Opinión

Pollo suizo

En edades tempranas, las primeras impresiones se dejan llevar por sensaciones que se nutren de ingenuidad

Las personas no son como parecen, pero pueden terminar siendo como se muestran. Al final, somos el compendio de comportamientos que mezclamos con nuestra genética. Es lo mismo que les pasa a los bollos suizos. No son dulces helvéticos, pero los tomamos como si su azúcar fuera, para el colesterol, tan neutral como ese país. En realidad, estos famosos brioches surgieron a mediados del siglo XIX en el Café Suizo de Madrid que pusieron en marcha dos ciudadanos de esta nacionalidad, de donde tomaron el nombre que los consolidó para la repostería. El éxito de la bollería les permitió extender el negocio en locales de Bilbao, Santander, Burgos y Pamplona que se sumaron al que fundaron en 1847 en pleno paseo de la Independencia de Zaragoza.

La primera impresión que nos da alguien es la que pesa más a la hora de catalogar a nuestros congéneres. Decía el escritor irlandés Oscar Wilde que: «no hay una segunda oportunidad para causar una buena impresión». Sabiendo que los demás nos valoran así, tendemos a comportarnos conforme a cómo pensamos que los otros nos ven. De este modo, el círculo vicioso se cierra y los prejuicios y sesgos de esa sensación inicial, certifican para siempre la personalidad que acabamos de analizar. Esta conducta de espejo define nuestra conducta. De la misma manera que nunca nos podemos ver con nuestros ojos, tampoco podemos conocer nuestra auténtica forma de ser. Quizás porque no existe ya que se construye, de fuera a dentro, edificando vivencias de aprendizaje sobre los cimientos de la herencia. El manido e inservible consejo de ser uno mismo es una frase edulcorada, a base de merengue, tan empalagosa como un libro de autoayuda. La mismidad es la otredad que asumimos para dotarnos de identidad.

El olfateo psicológico al que sometemos a los recién llegados a nuestra vida dura poco. Entre 150 milisegundos y 90 segundos es el tiempo que nos cuesta dictar sentencia clasificatoria sobre los desconocidos que encontramos. Debemos ser ágiles en el dictamen ya que hemos heredado esta habilidad, evolutivamente, desde comienzos del Cuaternario. Sigue siendo tan útil como entonces, saber si los seres con los que nos topamos son para comerlos o para comernos. Así que mejor no correr riesgos con extraños.
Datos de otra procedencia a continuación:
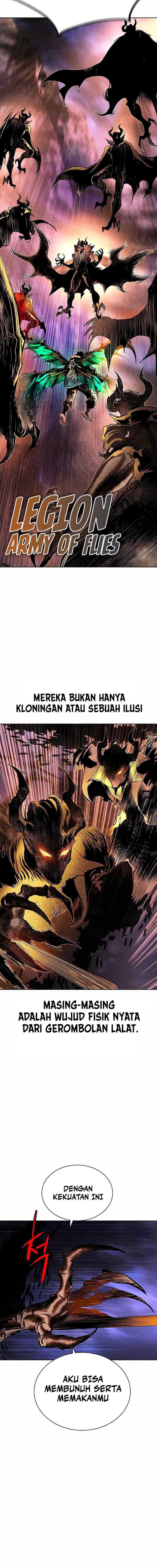 Dilarang COPAS - situs resmi www.mangacanblog.com - Komik jungle juice 167 - chapter 167 168 Indonesia jungle juice 167 - chapter 167 Terbaru 23|Baca Manga Komik Indonesia|Mangacan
Al madurar, la racionalidad colma de suspicacias a los desconocidos. Pero en edades tempranas, las primeras impresiones se dejan llevar por sensaciones que se nutren de ingenuidad. Para taponar tanto aperturismo ajeno, los adultos abusamos del miedo. El coco o la furgoneta blanca de turno son amenazas que esgrimimos ante los berrinches o la rebeldía independentista de las tiernas criaturas. Los niños piensan que todo el mundo es bueno y los mayores les insistimos en que cualquier individuo está lleno de maldad. Por desgracia, el lógico exceso de prevención está reñido con la realidad. Las cifras de los abusos sexuales a menores nos dicen que la inmensa mayoría de delitos se cometen en el entorno familiar y social de las víctimas.

En realidad, calamos bastante bien a la gente, el problema es que ni reculamos ni recalamos cuando nos equivocamos. Eso sí, justificamos perfectamente que esa antipatía inicial, que ahora descubrimos llena de amabilidad, se debía al cambio de condiciones y contexto en el que habíamos dictaminado nuestro primer examen. Vamos, que ese cardo borriquero laboral es un encanto tomando un café y viceversa. Las investigaciones sobre estos cambios de criterio concluyen que atribuimos al entorno, y no a nuestro lastimoso ojímetro, los errores de apreciación con respecto a los otros. Si usted le cae mal a alguien, sepa que la culpa siempre será suya y no de quien le juzga.

Los juzgadores tienden a no equivocarse nunca. Da igual que hablemos de fútbol como de presuntos delincuentes. Los acusados lo saben, y aquellos desaliñados que pudieron cometer ese crimen horrible, aparecen ante el estrado como atractivos reos. Los jurados pueden ser tan impresionantes como impresionables. La pinta del juez también informa de su consistencia. Impresiona, de primeras y de últimas, ver al magistrado García Castellón en un atril, explicando y justificando cómo engañó y mintió a sus colegas franceses de toga para obtener datos, cuando era juez de enlace del gobierno de Aznar. A los suizos no les ha dado buena impresión y recelan de colaborar con él, a pesar de que les ha profesado admiración por su moneda. Este puñetero personaje se ha puesto gallo, y parece dispuesto a montar un pollo suizo invadiendo la Confederación.